The problem: Starting at the line holding "Gewerbeobjekt Bad Honnef" and finishing at the line holding "Ktm rc 125 2014/16 gpr m3 titanium natural", transcribe the material exactly, keeping both ends but no pictures.

Top of Provided entries

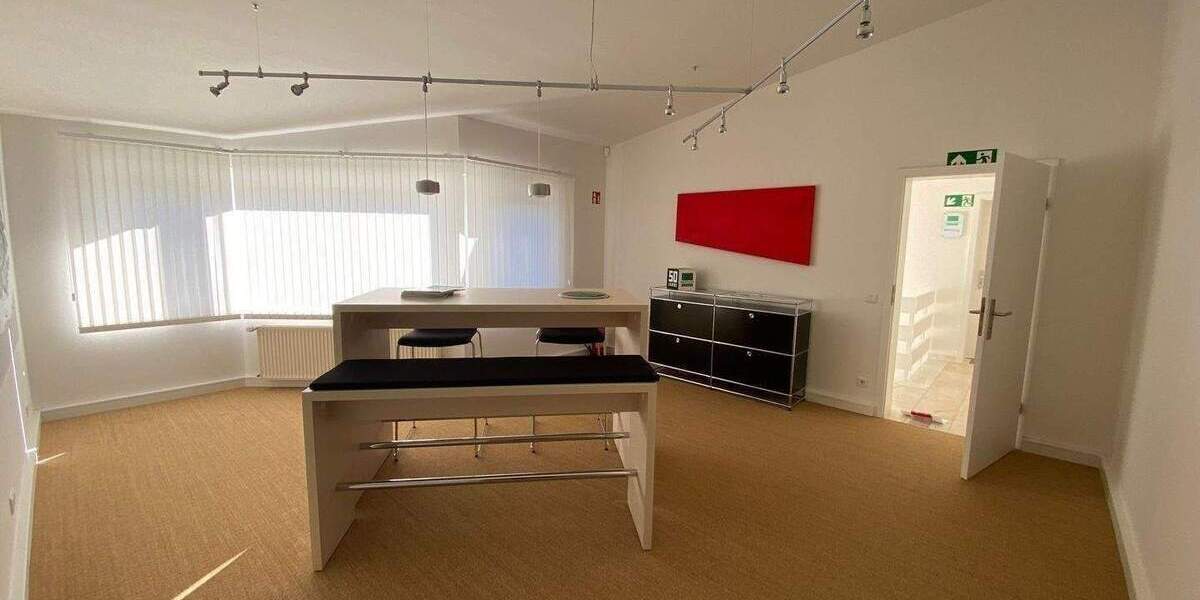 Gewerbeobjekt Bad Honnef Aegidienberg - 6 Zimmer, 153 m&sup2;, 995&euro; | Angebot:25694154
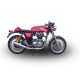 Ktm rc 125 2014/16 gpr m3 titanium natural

Bottom of Provided entries
Top of Provided entries

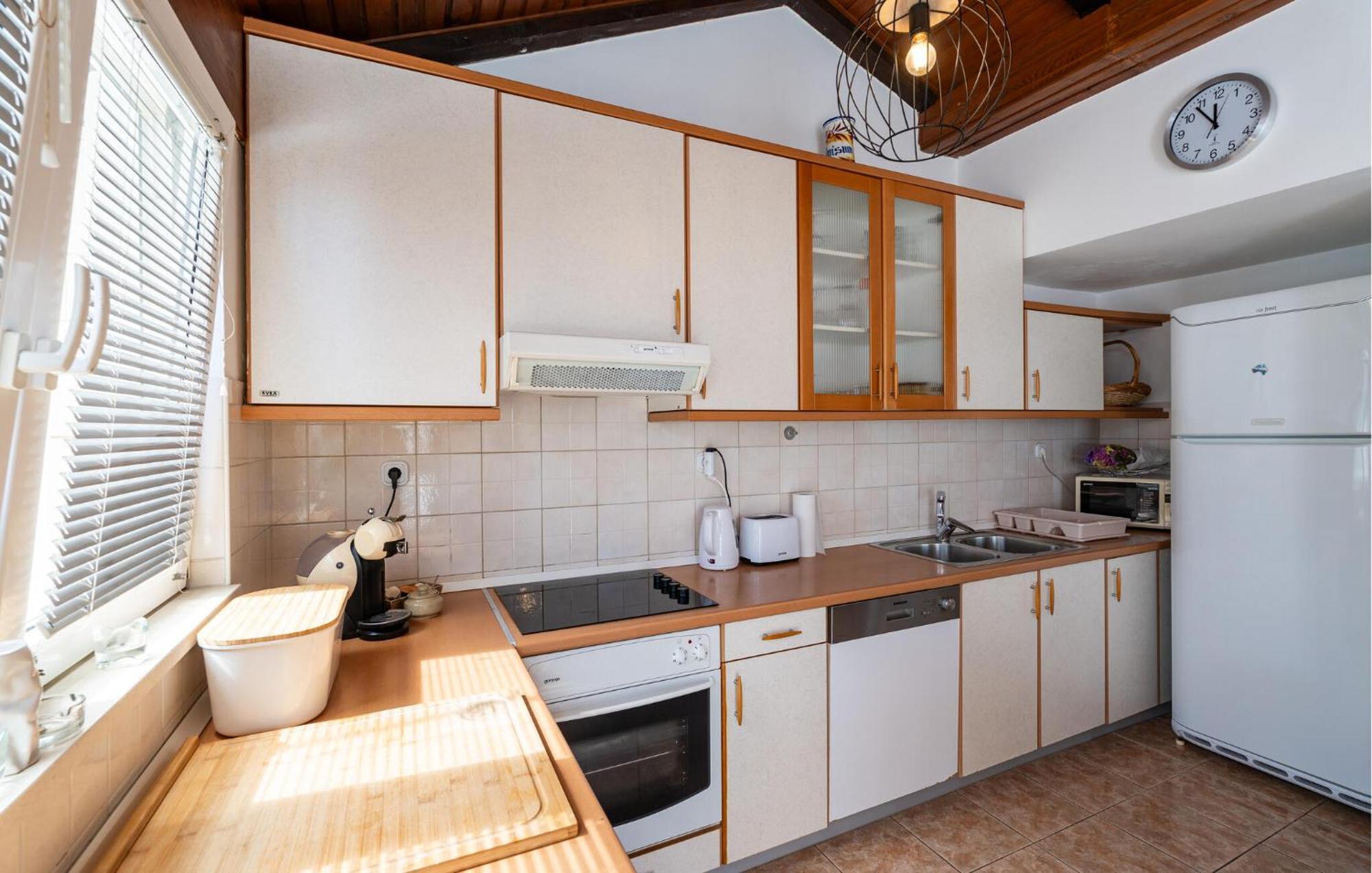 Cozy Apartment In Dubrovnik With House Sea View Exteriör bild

Bottom of Provided entries

Solution to this exercise:
 Gewerbeobjekt Bad Honnef Aegidienberg - 6 Zimmer, 153 m&sup2;, 995&euro; | Angebot:25694154
 Ktm rc 125 2014/16 gpr m3 titanium natural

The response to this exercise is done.